▶ [Collected material]:
[Start of Attachment]
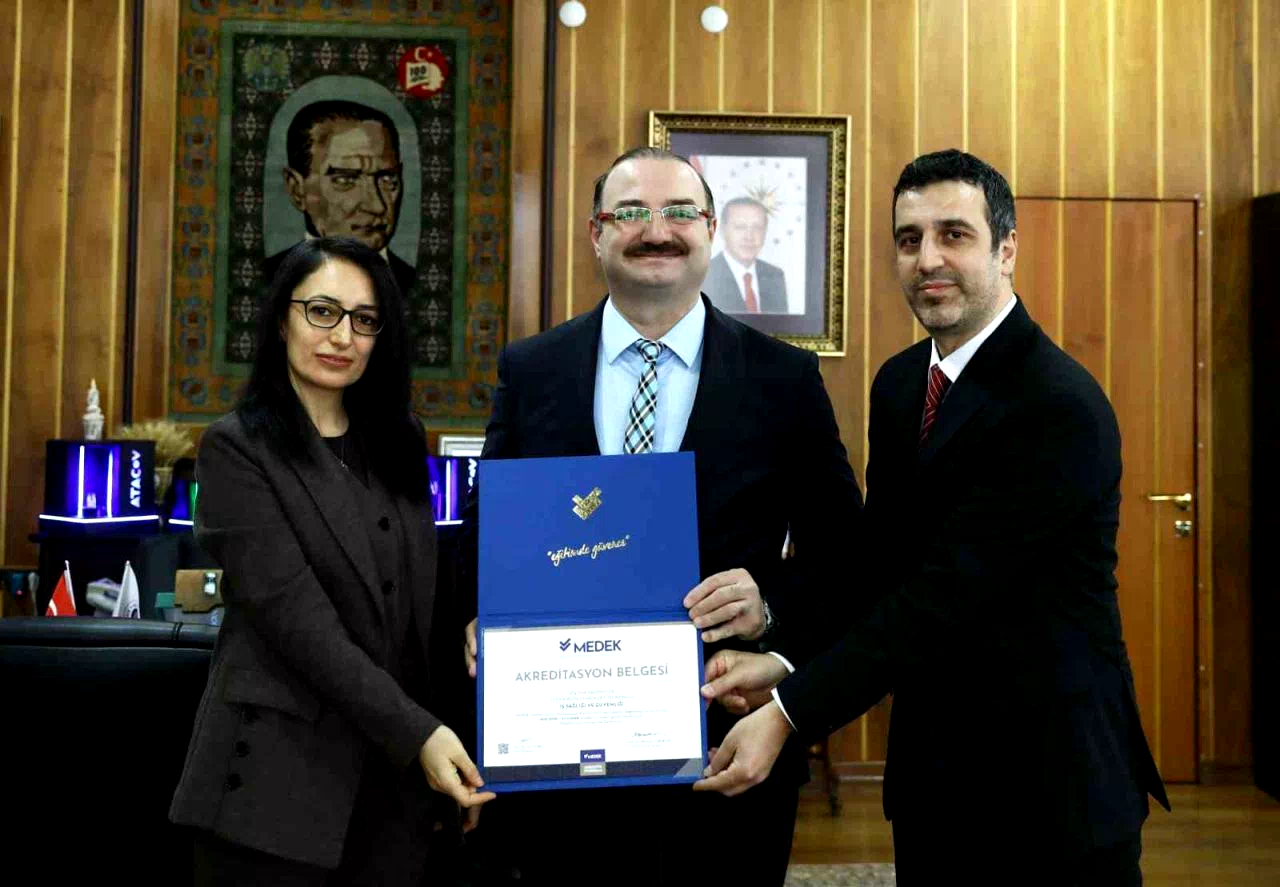 Teknik bilimler MYO programlarına MEDEK akreditasyon belgeleri takdim edildi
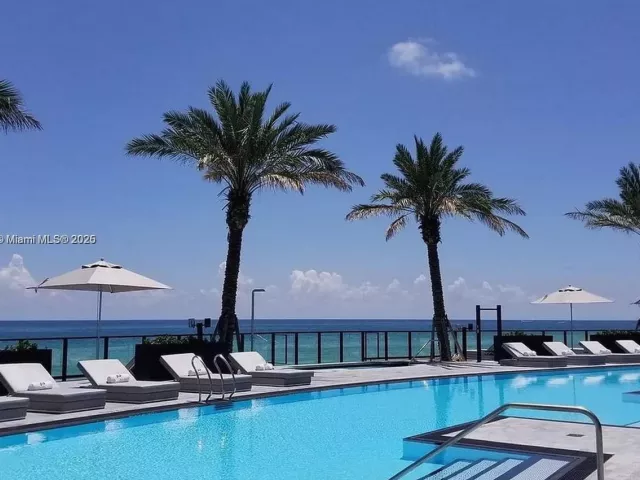 4-bedroom condo for sale in Sunny Isles Beach - 18555 Collins Ave 1803 - MondialRealty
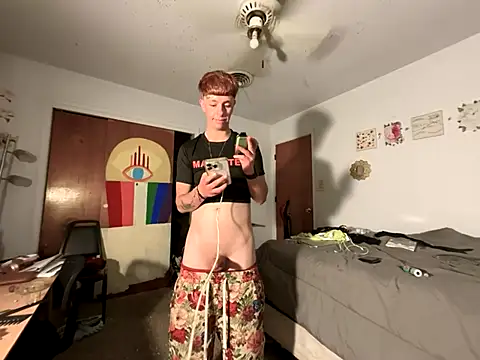 Snapshot of twentywithafelonyy chatting on 10/19/25, 05:19 twentywithafelonyy online show from 10/19/25, 05:19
[End of Attachment]
▶ [Exercise details]:
Your task is to copy exactly the lines from the line containing "4-bedroom condo for" through the final line of the listing above and to omit every picture.

▶ [Your response]:
 4-bedroom condo for sale in Sunny Isles Beach - 18555 Collins Ave 1803 - MondialRealty
 Snapshot of twentywithafelonyy chatting on 10/19/25, 05:19 twentywithafelonyy online show from 10/19/25, 05:19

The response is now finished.